Use the Rail toggle on the map above to isolate rail's contribution from road and aviation.
Airport Noise
Portland International (PDX) sits north of 97218. The U.S. Department of Transportation models aviation noise around this airport from federal traffic data, and the model uses those federal measurements rather than synthetic predictions.
Blocks under the approach and departure paths carry combined road-plus-aviation noise, with some exceeding 90 dBA on the map's Overall layer. Blocks on the opposite side of 97218, particularly to the south, show no measurable aviation contribution. Use the Aviation toggle on the map above to isolate the airport's footprint.

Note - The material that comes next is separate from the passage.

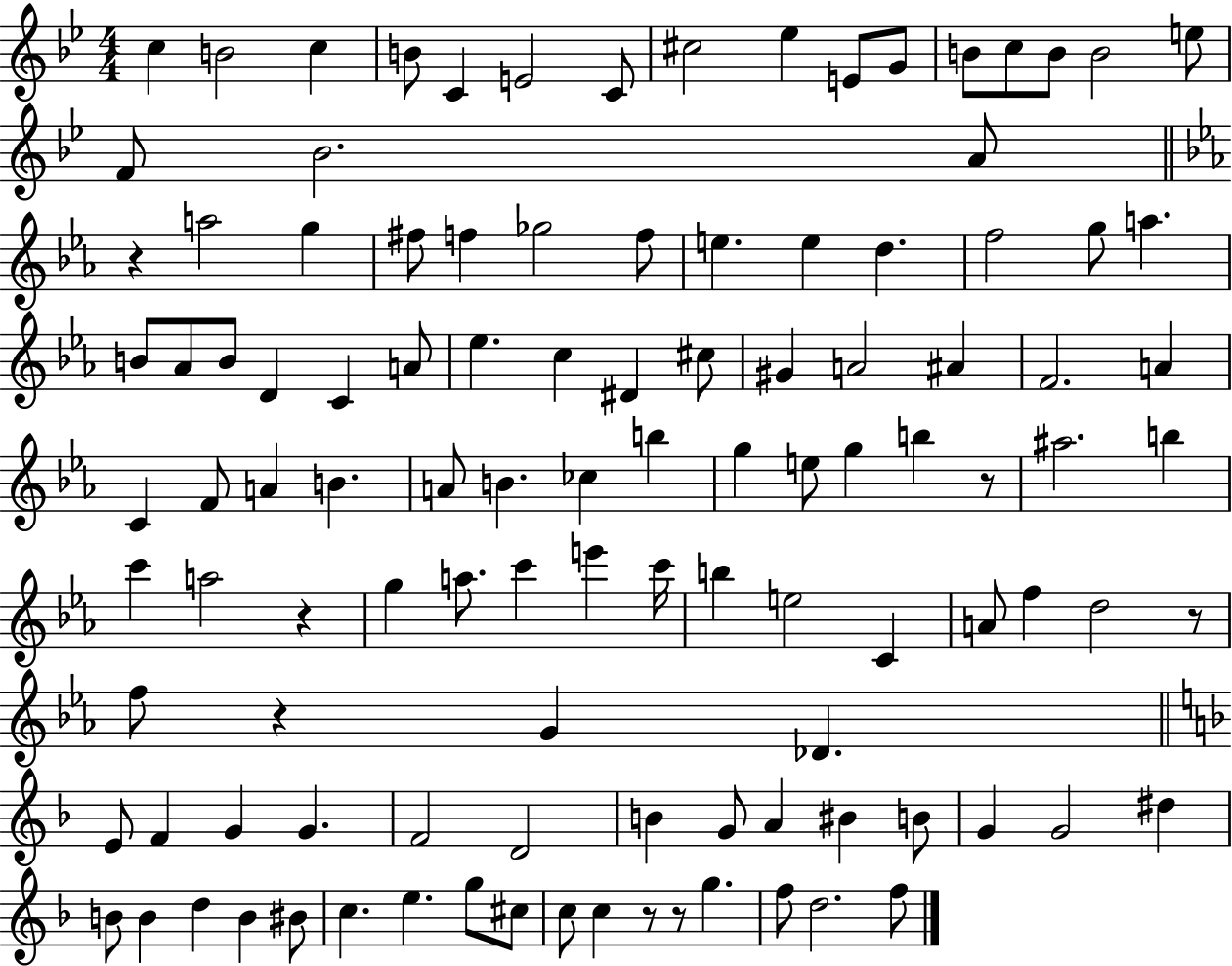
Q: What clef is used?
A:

How Noise Is Distributed Across 97218
The bar chart below shows the share of 97218 residents in each noise band. About 60% of residents live below the EPA's 55 dBA threshold, and roughly 3% live in blocks above 60 dBA. Long-term exposure in that range is linked to elevated stress hormones and cardiovascular risk.
How 97218 Compares
97218 sits the lowest among the peer group. Below: how 97218's average outdoor noise and share of residents above the EPA threshold compare with 97215, 97201, 97216, and 97232.
Average noise level (dBA)
97218's 53.8 dBA pop-weighted average is the lowest among the peer group. Oregon as a whole averages 52.9 dBA and the U.S. averages 52.0 dBA. Both are lower than 97218 because most of either area is rural land away from major roads.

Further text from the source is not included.